By Michael Virardi
I recently read a joke on LinkedIn that I would love to share with you!
It was about a big corporation that hired several cannibals. “You are all part of our team now,” said the HR manager during the welcome briefing. “You get all the usual benefits and you can go to the cafeteria for something to eat, but please don’t eat any of the other employees.”
The cannibals promised they would not.
A few weeks later, the cannibals’ boss remarked, “You’re all working very hard, and I’m satisfied with you. However, one of our secretaries has disappeared. Do any of you know what happened to her?” The cannibals all shook their heads, “No,” they said.
After the boss left, the leader of the cannibals said to the others angrily, “Right, which one of you idiots ate the secretary?” A hand rose hesitantly in admission. “You fool!” said the leader. “For weeks, we’ve been eating managers and no one noticed anything, but noooooo, you had to go and eat someone important!”
As consultant Chris Gaborit asks: “Are you important to your company? Would you be missed you if you were no longer there?”
To become important,or at least someone who would be missed if eaten by a cannibal (!), it is imperative–as my friend Konstantinos Kintzios from Boussias Communications says –that you “go brand yourself”. This requires both continuous effort and a conscious plan of action. To help you on your way to branding yourself I have come up with the R.E.S.T. principle, which will help you REST assured that, despite unfavourable market conditions, you will not only get to keep your job but, at the same time, you will excel at it.
R.E.S.T. stands for:
- – Building Relationships
- – Creating Engagement
- – Enhancing Skills
- – Gaining and Maintaining Trust
Building Relationships: My grandfather has a saying: “It is not what you know or whom you know but who knows you!” Building genuine professional – or personal– relationships allows more and more people to get to know you both as a professional and as a person… you become known. This is what the age of connection is all about. It is through these relationships and via your personal branding –if done correctly– that your company will become known and, hopefully, land deals that will not only make the business reputable but profitable as well. You will be responsible for the positive word of mouth –or in today’s world, word of mouse– advertising that your company receives and you can REST assured that it will go a long way towards branding you as an important person within your company.

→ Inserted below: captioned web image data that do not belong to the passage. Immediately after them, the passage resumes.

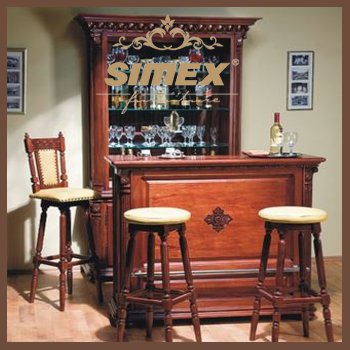 мебель бар Simex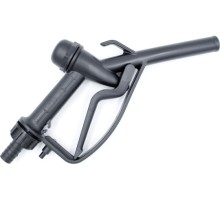 Пистолет для перекачки жидкости AdBlue 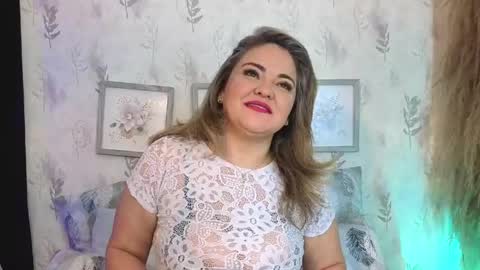 Natasha Blade online show from 05-13-26, 11:40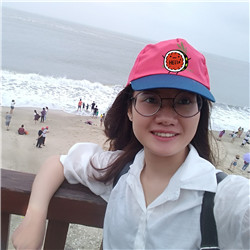 Herbal Incense Small Plastic Pouches Edible Gummies Bears Frogies Candies Bag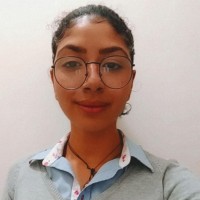 Ana Carolina Nascimento De Araújo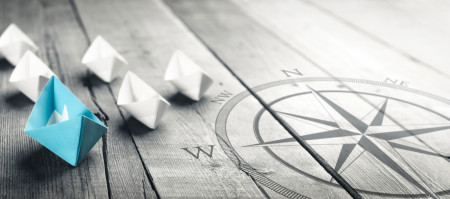 Guidance Accounting LLC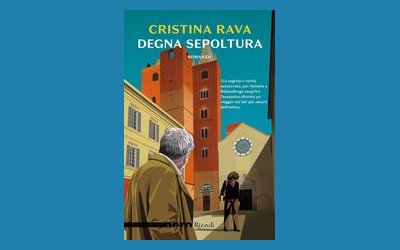 Degna sepoltura
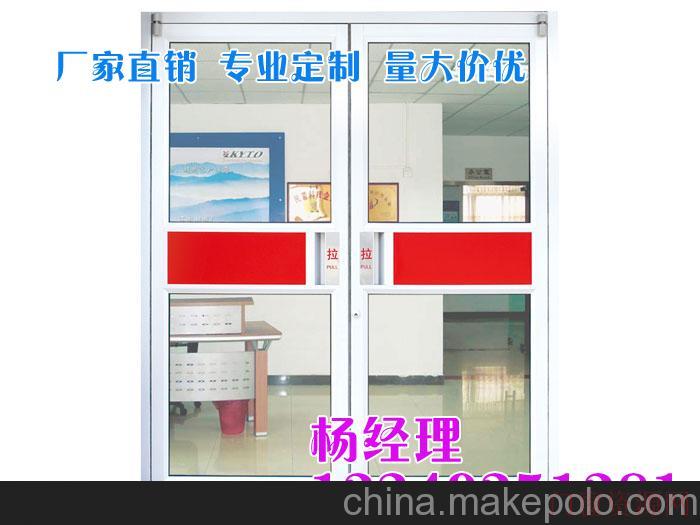 河北石家庄石家庄自动门厂家提供，价格更优惠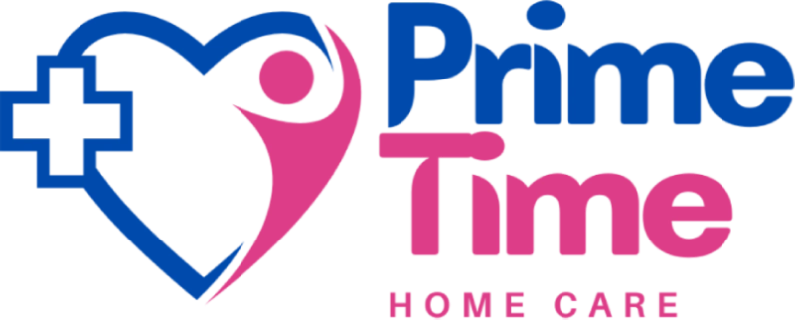 Prime Time Home Care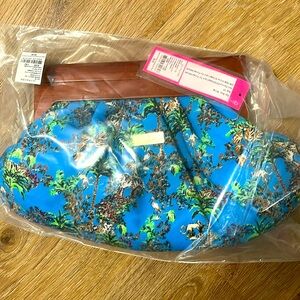 GWP NWT Bermuda bad Lilly Pulitzer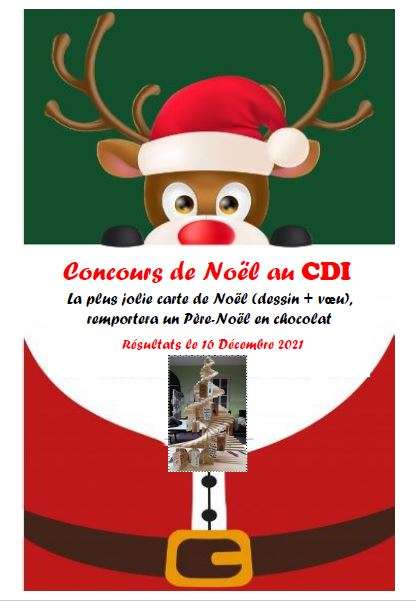 Photo-Affiche-Noel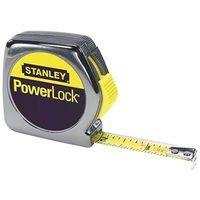 Powerlock 33-212 Measuring Tape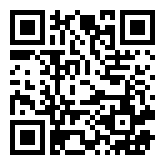 https://www.baohetangyaoye.com.cn/68235.html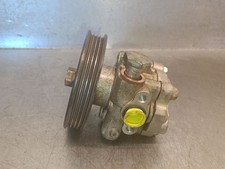 Pompe direction assistée Nissan PATHFINDER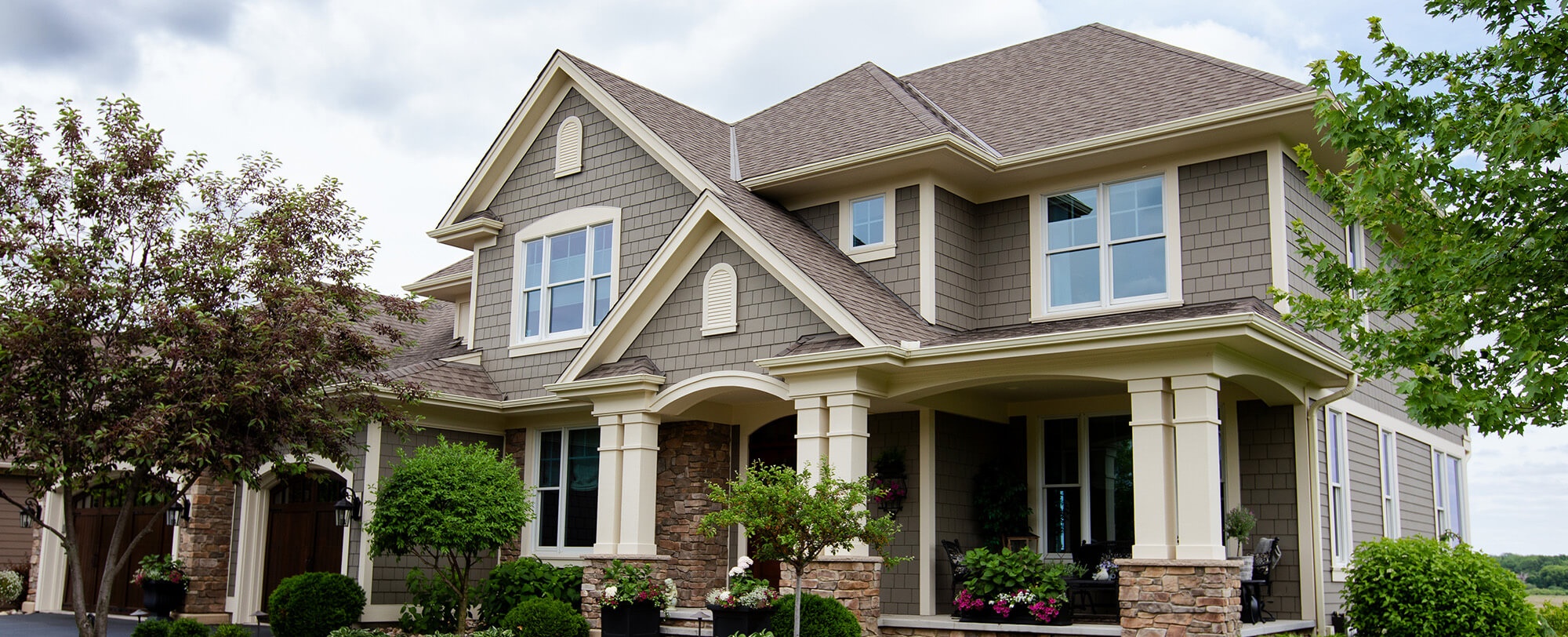 franklin in roof replacement company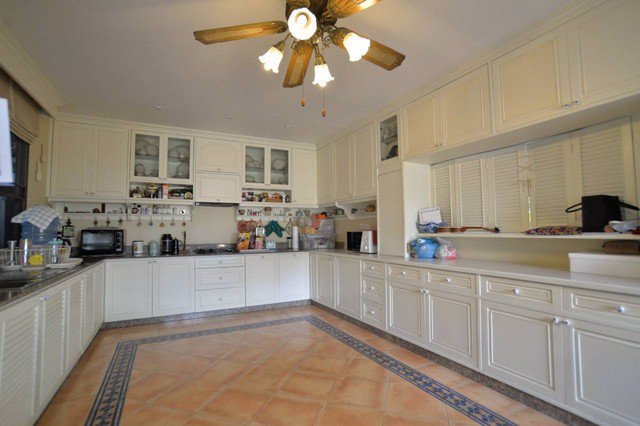 a2-ขาย-บ้าน-122ตรว-ซลาดพร้าว-35-4นอน-4น้ำ-ทะลุออกซรัชดา32ได้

Creating Engagement: One of the most vivid examples of creating engagement is Dr. Richard Hughes who had hundreds of patients queuing for more than four hours to say goodbye to him when he retired in early May 2014 after 32 years of practice. According to the Daily Mail, “Dr. Hughes was described as an affectionate doctor who was adored for the way he took time to get to know people and talk through their issues– rather than to simply treat patients as ‘a number’.” Creating engagement is the follow-up to building relationships. It requires time, effort, consistency of service and a genuine concern for taking relationships onto the next level. In other words, creating engagement. Management consultant Jim Collins recalls how civic leader John Gardner sat him down one day and said, “It occurs to me, Jim, that you spend too much time trying to be interesting. Why don’t you invest more time being interested?”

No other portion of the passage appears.